В тот раз что-то помешало ему исполнить желаемое. Но вот что говорится в письме о другом событии: "Я находился в крайне возбужденном состоянии. Прошли вечер, ночь, утро. И вдруг мне открывается возможность согрешить в том самом доме, где я живу; эту возможность мне буквально предложили.

И я не захотел ею воспользоваться.

Вы понимаете? Так всегда бывало со мной. Мне предложили однажды ключ от ворот - красный бант на занавеске, урочный час, один удар в дверь, - и я отказался. Если бы я молил о ключе, я бы ни за что не поручился. Так много значит для меня малость. Есть ли еще такие люди, или я один идиот на всем белом свете?

И тогда моя страсть проявилась в другом: я вдруг полюбил свет. Много света, солнечный свет, дневной свет, огромные люстры, страшное пламя, всепоглощающий свет вокруг меня и везде.
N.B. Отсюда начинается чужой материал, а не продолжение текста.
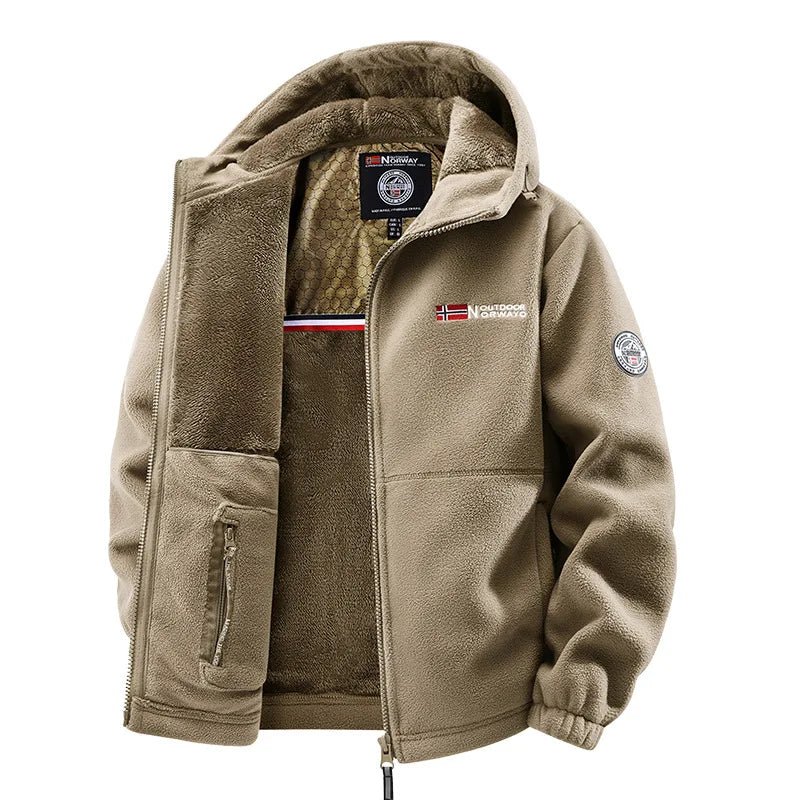 Herren Winter Fleecejacke mit Kapuze und Reißverschluss, gefüttert, warm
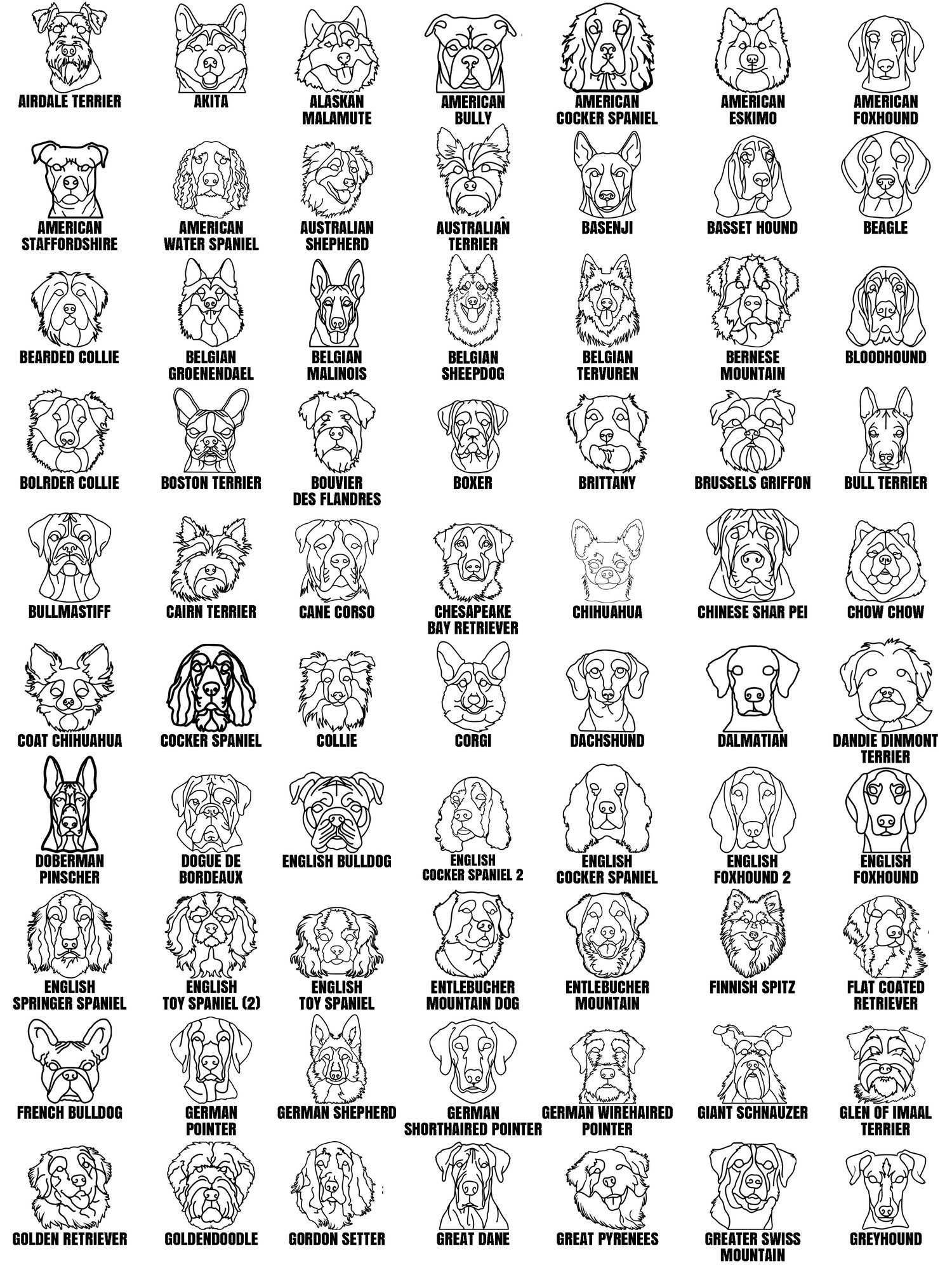 140 Dog Heads Multi Layer Laser Cut Files Dxf, Svg, Eps and Pdf Bundle ...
Фру Янсон думала, что я сошел с ума. До этого я не понимал восторга Нерона, наблюдавшего горящий Рим. Дело зашло так далеко, что однажды ночью я поджег штору на окне в моей комнате. И когда я, лежа в постели, наблюдал этот огонь, я буквально всеми фибрами моей души ощущал, что я "грешу"".

Еще не закончив письма, он уже понял, что ему не следует больше делать такие безрассудные признания: "Я столько ношу в себе такого, о чем не решаюсь рассказать..." Однако он пишет то, о чем решается рассказать: "Я мог бы заполонить мир описаниями лихорадочных движений души. Но если уж Достоевского считают сумасшедшим, мне и вовсе пути нет. Ибо все те странности, о которых Достоевский пишет в трех своих известных мне книгах (других его книг я не читал), и даже большие странности случаются со мной каждый день, стоит мне только пройтись по Готерсгаде. Увы".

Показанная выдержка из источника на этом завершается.